If you do a DNS lookup of torproject.org, you’ll find that one of the website’s hosts is TeamCymru:
Why is Tor being hosted on Team Cymru’s network, a data broker known to sell internet backbone data to companies. Their careers page states that “We do this through a suite of offerings that reduce business risk by providing attack surface + vulnerabilities + threats so both the C-suite and security teams gain the vantage points they need.” Translation: They sell data in the same of security.
Why is Tor giving a for-profit company like this permission to host the Tor Project website?
For the sake of my own curiosity: does it matter? Why should that be of great concern (particularly considering TLS and such) that IP access via Team Cymru would be more relevant any other ISP, or more concerning than, say, an exit node in .ru?
Even if Team Cymru sells a slice of data that is netflow data thought to be Tor Browser downloads, let’s talk about what anyone would do with that data before we start using more tinfoil.
I’m not saying it’s not a valid question, but I would argue it would be more productive to discuss the potential harms involved in any entity providing IP access to torproject.org, and what ideally should be done about it.
Adding two sources to your OSINT:
search Tor Project | People for Cymru and consider this (Faravahar) directory authority somehow affiliated to Cymru…
Ooooh, the Tor website is hosted by a Tor Project supporter. How terrible. Would Amazon, Google, Oracle, whatever cloud be better?
You can access the Tor website via the hidden service.
It’s commonly known that Rabbi Rob Thomas, founder and CEO of Team Cymru, is a member of The Tor Project’s Board of Directors & that Team Cymru is running Tor Relays.
Communities can get a free BGP-based anti-DDoS service from them for their ASN.
What someone might do is to deanonymize flows, which is exactly what Tor is supposed to prevent.
It doesn’t matter who hosts Tor’s Web site.
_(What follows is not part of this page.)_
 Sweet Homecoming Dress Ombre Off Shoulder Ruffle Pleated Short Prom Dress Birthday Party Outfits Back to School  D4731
It is a matter of concern that Cymru’s founder/boss is on the Tor Project’s board of directors. Sorry, Rob, even to me what you’re doing didn’t seem so harmful back in the day, but now it’s clearly not OK. And it’s a conflict of interest.
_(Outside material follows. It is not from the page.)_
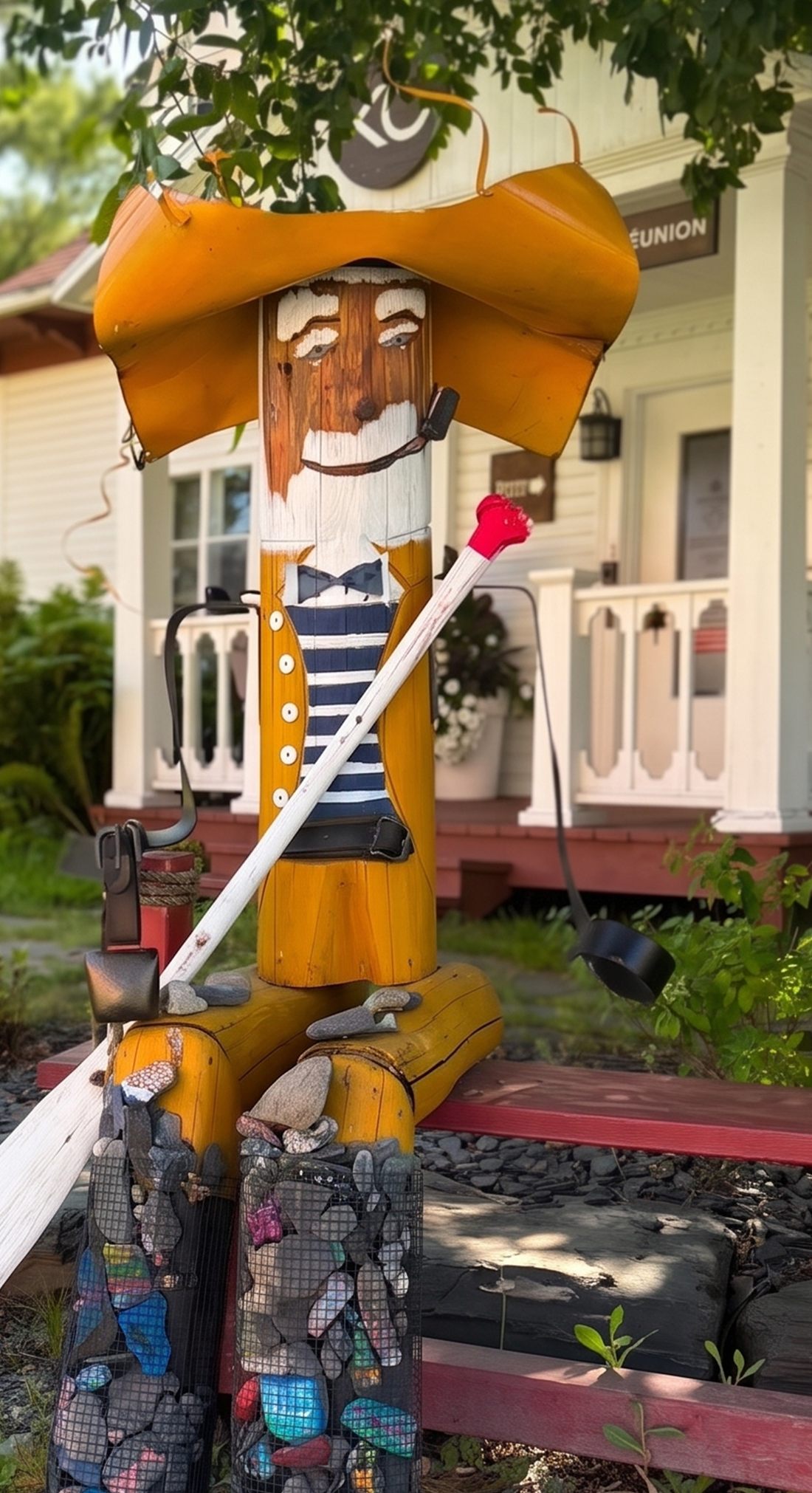 Pitoune en tuxedo : personnage sculpté dans un tronc, coiffé d'un large chapeau de bois, pipe à la bouche, nœud papillon et gilet rayé, tenant un aviron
Oh, and by the way, the fact that it’s legal to collect those data in the first place, let alone aggregate them, is a bad public policy failure.
Right @jbash, much better to let the criminals and authoritarian governments that don’t announce that they run hundreds of exit nodes with the resources to actually deanonymize flows, than someone with ethics.
It’s not either-or. Those governments will do whatever they do, regardless of whether Cymru ALSO democratizes the ability to deanonymize flows by selling the data to just anybody. You can have just the governments, or the governments plus anybody who buys a subscription.
By the way:
- I have seen at least one ISP admin claim to have used Cymru or Cymru-like data to ACTUALLY deanonymize flows, albeit as a demonstration.
- Those governments get to save money if they can buy the data commercially rather than collecting them themselves. And only very large governments have the reach to even begin to go it alone.